> _Problem description_:
Wherever the line that contains "Biquini top cropped prata Silver Cropped" falls, repeat it and the lines after it exactly until the records end, without any pictures.

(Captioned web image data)
══════════════════════════════

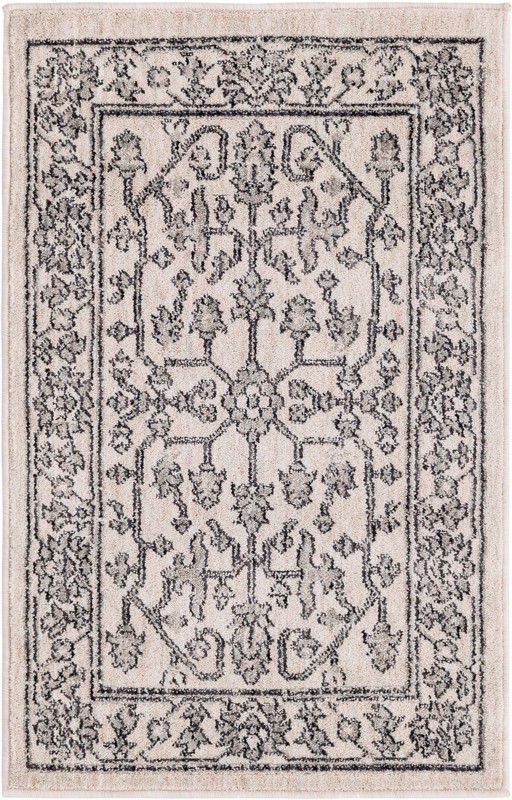 2' x 3' Parsley · Border rug, ivory
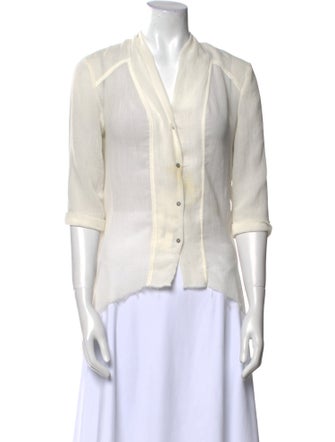 Helmut Lang V-Neck Three-Quarter Sleeve Blouse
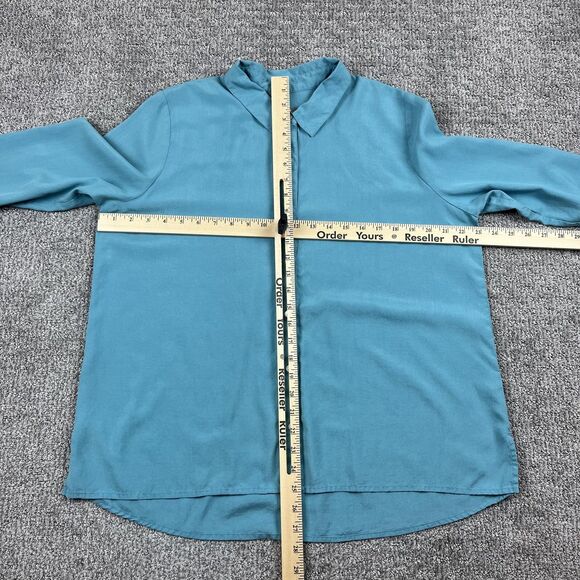 J Jill Shirt Womens Large Petite Teal 100% Silk Button Front Long Sleeve Collar - Picture 3 of 7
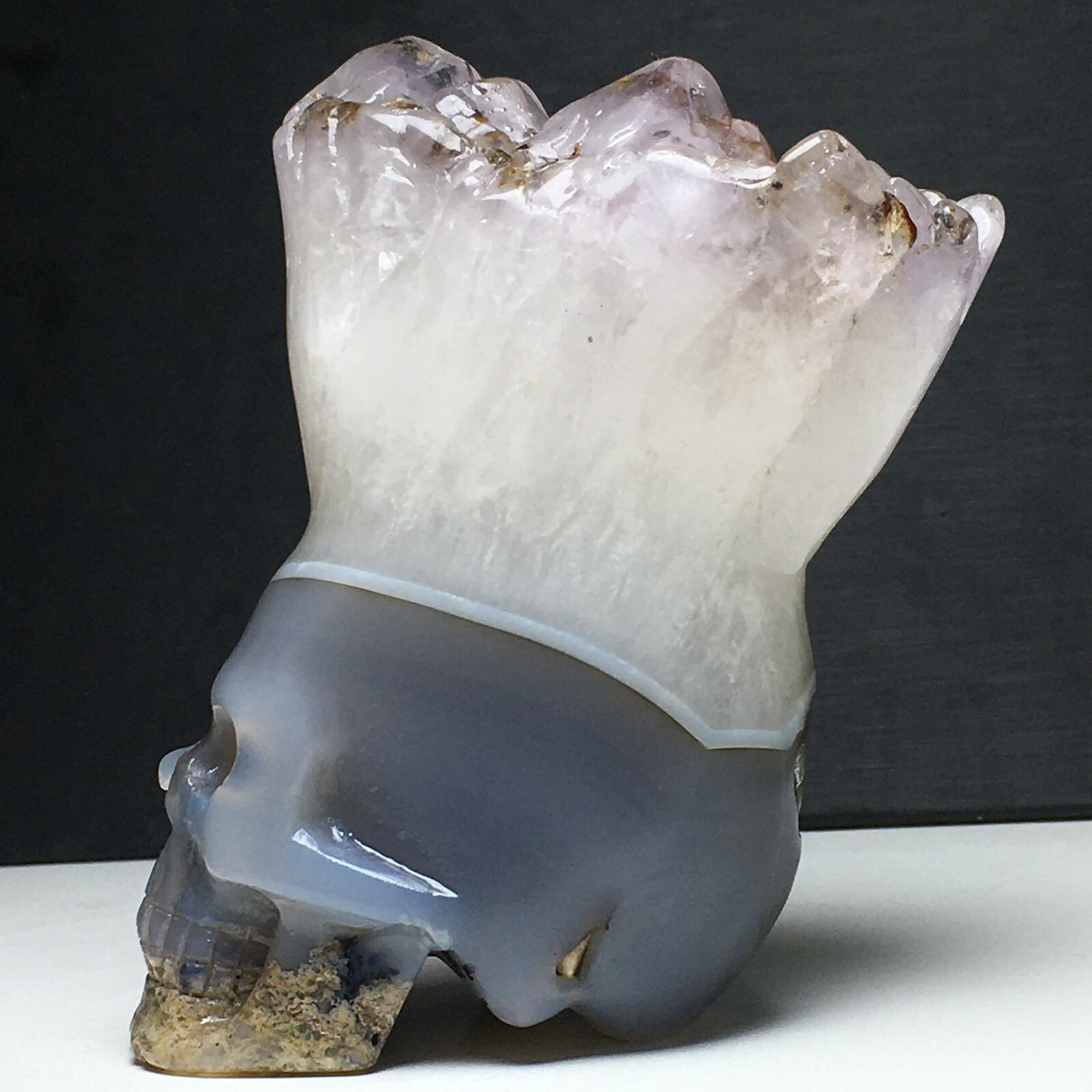 449g Natural Crystal Specimen. Agate Crystal. Hand-carved.The Exquisite Skull.CN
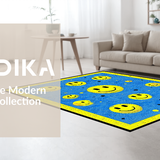Ultra Soft Area Rug, Non Slip, Stain Resistant, Washable Area Rugs for Living Room, Bedroom, Retro Joyful Face Motif(Blue)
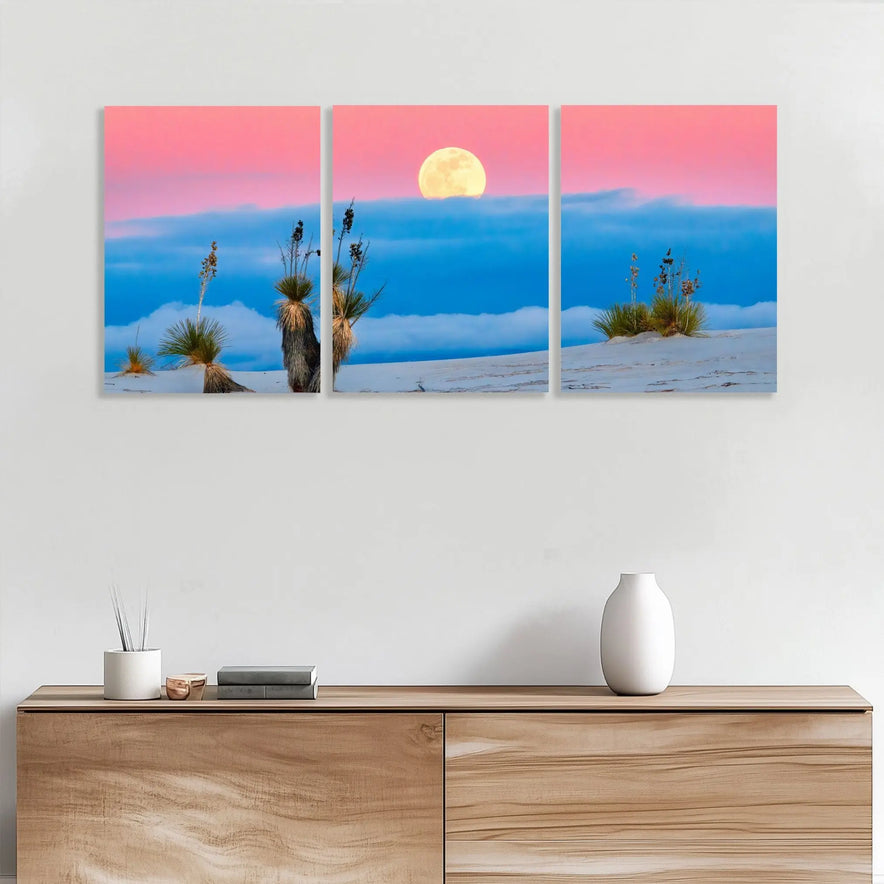 Moonrise Over Desert Triptych Canvas Print - Pink and Blue Sky Landscape | Set of 3 Wall Art for Tranquil Home Decor June Wall Art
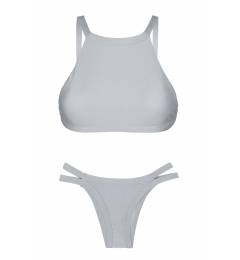 Biquini top cropped prata Silver Cropped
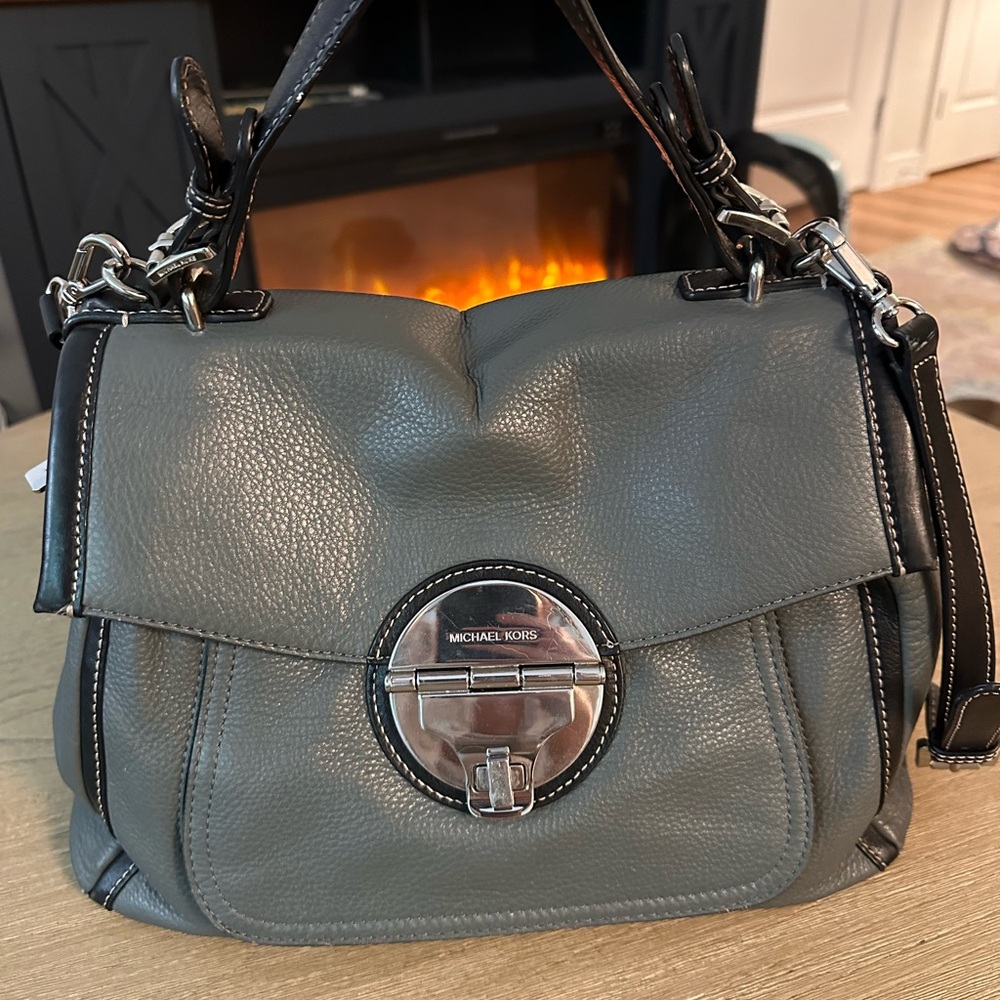 Michael Kors Dark Grey and Black Medium Handbag with Cross Body Strap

══════════════════════════════

> _Finished task_:
 Biquini top cropped prata Silver Cropped
 Michael Kors Dark Grey and Black Medium Handbag with Cross Body Strap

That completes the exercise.